---------- Material provided
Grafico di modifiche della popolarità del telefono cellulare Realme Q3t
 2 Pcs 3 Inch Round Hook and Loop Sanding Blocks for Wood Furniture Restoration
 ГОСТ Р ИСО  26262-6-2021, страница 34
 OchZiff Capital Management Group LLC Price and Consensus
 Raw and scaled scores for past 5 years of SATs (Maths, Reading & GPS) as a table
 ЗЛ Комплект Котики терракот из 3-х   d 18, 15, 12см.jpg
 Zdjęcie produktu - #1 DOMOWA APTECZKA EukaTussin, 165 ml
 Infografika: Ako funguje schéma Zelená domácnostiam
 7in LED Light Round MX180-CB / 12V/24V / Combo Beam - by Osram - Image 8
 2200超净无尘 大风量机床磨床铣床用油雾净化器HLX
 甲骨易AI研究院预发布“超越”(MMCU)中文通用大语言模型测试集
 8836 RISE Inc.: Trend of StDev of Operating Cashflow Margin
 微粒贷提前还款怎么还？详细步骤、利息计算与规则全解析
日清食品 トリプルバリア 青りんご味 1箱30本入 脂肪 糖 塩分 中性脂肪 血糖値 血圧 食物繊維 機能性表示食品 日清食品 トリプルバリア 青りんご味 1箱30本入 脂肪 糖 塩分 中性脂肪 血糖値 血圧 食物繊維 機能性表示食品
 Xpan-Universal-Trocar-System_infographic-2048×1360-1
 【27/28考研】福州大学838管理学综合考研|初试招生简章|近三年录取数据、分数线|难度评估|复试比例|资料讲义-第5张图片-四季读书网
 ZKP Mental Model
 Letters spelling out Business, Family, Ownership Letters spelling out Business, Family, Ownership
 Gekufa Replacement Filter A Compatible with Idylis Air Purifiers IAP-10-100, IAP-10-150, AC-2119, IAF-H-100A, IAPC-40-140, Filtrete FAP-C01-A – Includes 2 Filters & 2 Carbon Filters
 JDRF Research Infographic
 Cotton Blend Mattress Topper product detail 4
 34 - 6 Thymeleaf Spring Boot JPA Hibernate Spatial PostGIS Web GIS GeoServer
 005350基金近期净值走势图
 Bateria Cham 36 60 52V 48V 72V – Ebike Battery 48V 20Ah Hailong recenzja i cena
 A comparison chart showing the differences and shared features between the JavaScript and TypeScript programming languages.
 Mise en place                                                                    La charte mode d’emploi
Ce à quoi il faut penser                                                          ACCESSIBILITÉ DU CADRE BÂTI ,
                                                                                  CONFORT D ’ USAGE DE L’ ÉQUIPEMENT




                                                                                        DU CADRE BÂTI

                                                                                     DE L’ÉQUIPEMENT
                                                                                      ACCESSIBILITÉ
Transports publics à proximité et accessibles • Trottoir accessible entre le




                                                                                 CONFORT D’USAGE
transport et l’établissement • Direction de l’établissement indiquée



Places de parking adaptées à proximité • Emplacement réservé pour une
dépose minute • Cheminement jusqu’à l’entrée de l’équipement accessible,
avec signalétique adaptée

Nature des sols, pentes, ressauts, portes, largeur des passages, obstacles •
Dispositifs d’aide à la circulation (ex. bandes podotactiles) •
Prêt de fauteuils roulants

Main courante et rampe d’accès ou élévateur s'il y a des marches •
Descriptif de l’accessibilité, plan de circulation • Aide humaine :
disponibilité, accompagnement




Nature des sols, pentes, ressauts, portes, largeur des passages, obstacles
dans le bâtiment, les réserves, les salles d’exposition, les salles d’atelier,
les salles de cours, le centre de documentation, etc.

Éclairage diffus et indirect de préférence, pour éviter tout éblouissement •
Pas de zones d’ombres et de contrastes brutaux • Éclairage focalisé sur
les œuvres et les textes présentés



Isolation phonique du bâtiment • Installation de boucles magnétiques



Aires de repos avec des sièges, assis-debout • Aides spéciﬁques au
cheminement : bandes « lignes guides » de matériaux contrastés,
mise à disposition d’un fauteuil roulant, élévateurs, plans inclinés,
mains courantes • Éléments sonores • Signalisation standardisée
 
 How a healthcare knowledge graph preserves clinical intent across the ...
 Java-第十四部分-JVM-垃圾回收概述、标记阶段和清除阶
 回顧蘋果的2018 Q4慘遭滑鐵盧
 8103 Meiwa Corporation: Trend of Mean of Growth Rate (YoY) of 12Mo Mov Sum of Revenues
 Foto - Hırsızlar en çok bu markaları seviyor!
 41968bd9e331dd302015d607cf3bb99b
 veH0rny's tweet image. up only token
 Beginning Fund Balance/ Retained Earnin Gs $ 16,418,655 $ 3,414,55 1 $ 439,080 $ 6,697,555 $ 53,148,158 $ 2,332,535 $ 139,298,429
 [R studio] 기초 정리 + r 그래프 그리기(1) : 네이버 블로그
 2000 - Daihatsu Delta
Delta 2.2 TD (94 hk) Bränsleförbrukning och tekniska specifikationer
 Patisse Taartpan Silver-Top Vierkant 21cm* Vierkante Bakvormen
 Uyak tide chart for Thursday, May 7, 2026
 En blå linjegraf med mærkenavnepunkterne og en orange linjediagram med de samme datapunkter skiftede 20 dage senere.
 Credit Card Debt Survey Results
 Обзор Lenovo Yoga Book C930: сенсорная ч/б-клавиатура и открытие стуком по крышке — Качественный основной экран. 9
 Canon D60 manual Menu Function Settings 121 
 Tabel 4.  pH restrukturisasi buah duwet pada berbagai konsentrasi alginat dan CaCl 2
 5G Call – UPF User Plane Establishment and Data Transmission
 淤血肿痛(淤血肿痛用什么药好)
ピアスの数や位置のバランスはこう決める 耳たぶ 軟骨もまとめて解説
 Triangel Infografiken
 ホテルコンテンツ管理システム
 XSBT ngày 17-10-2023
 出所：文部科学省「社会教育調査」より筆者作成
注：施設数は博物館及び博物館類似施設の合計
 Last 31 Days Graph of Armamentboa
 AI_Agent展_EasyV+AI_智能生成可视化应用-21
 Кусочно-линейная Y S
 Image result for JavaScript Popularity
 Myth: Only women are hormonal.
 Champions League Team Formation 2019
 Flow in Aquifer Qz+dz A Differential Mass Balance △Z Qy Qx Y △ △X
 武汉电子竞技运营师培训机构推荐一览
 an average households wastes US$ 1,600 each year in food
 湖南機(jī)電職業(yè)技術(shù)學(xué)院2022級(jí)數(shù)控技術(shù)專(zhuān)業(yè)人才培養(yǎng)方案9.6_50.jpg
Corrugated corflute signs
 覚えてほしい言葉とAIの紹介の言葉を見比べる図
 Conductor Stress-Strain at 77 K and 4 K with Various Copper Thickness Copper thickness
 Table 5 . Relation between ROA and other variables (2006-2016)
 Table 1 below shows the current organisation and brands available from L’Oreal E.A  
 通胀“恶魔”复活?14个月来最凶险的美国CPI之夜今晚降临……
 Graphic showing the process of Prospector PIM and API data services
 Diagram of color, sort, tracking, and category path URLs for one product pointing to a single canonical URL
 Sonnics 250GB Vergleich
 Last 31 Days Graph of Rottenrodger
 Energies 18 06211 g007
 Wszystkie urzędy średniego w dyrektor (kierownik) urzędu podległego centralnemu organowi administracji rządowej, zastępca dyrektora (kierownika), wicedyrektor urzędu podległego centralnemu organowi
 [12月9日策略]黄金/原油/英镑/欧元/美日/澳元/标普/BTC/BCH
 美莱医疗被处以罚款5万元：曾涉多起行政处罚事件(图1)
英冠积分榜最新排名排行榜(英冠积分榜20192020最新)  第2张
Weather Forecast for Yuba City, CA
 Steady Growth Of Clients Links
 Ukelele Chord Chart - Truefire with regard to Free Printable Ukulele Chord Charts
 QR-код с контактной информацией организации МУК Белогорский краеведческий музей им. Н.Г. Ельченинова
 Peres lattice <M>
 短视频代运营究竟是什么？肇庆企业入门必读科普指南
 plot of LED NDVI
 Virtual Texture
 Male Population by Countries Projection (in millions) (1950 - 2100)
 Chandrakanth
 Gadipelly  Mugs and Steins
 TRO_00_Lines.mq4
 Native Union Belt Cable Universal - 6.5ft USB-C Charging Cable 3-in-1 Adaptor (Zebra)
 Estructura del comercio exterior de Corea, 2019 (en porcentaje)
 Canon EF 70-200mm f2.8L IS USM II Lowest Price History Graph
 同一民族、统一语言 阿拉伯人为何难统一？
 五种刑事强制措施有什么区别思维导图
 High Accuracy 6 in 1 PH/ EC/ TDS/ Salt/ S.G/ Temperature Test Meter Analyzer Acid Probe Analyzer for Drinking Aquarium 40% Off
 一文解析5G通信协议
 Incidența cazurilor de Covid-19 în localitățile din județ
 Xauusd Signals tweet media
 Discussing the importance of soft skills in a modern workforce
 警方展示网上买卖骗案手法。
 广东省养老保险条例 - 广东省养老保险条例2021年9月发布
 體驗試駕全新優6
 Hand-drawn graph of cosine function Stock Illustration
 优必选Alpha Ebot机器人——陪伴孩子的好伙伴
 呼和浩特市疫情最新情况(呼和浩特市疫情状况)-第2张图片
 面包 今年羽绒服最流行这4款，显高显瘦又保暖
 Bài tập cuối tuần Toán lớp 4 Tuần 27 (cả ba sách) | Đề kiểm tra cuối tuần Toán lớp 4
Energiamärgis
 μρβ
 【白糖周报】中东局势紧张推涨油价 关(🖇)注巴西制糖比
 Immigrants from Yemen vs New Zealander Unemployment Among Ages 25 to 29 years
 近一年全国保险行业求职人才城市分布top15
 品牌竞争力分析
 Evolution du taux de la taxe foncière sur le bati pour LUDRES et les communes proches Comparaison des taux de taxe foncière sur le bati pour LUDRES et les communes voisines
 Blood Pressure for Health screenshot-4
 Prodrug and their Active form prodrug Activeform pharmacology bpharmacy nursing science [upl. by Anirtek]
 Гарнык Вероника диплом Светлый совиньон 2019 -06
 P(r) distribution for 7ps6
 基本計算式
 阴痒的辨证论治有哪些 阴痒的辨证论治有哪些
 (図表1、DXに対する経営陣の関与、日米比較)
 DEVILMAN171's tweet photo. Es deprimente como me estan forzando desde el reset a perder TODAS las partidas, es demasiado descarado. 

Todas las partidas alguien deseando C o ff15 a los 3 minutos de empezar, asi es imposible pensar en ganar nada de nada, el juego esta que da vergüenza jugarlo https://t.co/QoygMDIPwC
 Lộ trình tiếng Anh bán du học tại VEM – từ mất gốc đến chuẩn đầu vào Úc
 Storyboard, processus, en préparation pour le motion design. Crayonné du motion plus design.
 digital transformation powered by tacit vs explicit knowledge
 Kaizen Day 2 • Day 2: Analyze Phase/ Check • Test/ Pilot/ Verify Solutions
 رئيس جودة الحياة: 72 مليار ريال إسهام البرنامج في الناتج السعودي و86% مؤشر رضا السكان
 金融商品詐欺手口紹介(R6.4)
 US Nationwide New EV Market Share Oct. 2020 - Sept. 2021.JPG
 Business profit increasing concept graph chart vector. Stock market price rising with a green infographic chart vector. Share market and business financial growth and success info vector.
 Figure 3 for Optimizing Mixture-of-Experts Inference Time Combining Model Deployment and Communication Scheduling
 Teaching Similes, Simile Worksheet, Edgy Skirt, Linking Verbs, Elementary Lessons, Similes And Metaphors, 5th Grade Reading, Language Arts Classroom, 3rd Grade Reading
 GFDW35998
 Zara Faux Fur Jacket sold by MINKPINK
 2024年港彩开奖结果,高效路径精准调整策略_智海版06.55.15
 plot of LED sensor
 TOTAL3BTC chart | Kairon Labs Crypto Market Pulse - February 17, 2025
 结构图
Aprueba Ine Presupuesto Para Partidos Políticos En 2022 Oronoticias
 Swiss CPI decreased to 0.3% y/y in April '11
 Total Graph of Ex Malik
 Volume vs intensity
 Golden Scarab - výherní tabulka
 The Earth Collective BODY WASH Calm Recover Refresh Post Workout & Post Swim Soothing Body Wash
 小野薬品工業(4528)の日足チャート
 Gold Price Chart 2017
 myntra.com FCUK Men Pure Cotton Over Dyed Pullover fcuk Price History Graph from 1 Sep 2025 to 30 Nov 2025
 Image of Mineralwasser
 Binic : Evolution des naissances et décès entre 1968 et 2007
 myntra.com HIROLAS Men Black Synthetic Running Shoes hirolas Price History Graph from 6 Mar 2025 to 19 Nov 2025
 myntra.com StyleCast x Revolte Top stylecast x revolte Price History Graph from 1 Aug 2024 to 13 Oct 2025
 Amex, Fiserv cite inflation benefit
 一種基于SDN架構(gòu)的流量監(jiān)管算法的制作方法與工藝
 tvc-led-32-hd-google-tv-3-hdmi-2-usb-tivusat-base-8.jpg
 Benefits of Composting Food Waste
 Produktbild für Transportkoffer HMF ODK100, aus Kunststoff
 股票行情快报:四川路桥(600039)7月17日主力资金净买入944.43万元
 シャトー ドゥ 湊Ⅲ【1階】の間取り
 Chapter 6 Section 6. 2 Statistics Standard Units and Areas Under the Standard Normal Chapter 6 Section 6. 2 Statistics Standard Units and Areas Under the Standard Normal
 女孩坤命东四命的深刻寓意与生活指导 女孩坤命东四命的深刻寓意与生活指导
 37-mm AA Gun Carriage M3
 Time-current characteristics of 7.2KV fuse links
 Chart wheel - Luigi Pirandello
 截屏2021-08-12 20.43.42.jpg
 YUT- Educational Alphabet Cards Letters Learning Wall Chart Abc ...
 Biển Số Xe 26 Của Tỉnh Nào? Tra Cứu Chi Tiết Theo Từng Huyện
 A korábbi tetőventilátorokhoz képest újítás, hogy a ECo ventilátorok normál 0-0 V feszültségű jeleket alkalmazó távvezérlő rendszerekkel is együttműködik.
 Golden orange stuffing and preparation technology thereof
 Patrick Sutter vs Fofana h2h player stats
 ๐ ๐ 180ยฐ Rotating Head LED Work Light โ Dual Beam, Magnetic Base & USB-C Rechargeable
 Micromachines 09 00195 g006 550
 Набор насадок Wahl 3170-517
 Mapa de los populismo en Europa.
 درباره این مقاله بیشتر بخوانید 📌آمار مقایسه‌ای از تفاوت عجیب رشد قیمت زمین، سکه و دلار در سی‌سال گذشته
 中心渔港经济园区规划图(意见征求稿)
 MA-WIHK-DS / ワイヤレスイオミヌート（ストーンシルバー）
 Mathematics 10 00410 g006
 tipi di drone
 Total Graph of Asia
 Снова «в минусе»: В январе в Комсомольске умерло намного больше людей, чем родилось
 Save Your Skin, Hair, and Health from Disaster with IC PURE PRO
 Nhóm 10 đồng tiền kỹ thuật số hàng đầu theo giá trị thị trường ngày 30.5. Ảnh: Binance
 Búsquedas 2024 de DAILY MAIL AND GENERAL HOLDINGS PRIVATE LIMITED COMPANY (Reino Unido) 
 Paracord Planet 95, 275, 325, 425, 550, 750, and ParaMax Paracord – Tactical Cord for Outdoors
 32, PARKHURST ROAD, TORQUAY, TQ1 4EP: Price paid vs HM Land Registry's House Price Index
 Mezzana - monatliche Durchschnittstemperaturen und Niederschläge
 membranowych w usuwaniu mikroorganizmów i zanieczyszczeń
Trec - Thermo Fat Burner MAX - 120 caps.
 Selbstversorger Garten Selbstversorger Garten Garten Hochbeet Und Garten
--------------------
Copy each line of the listing above that contains the word "sols".

Result of this task »
Nature des sols, pentes, ressauts, portes, largeur des passages, obstacles •
Nature des sols, pentes, ressauts, portes, largeur des passages, obstacles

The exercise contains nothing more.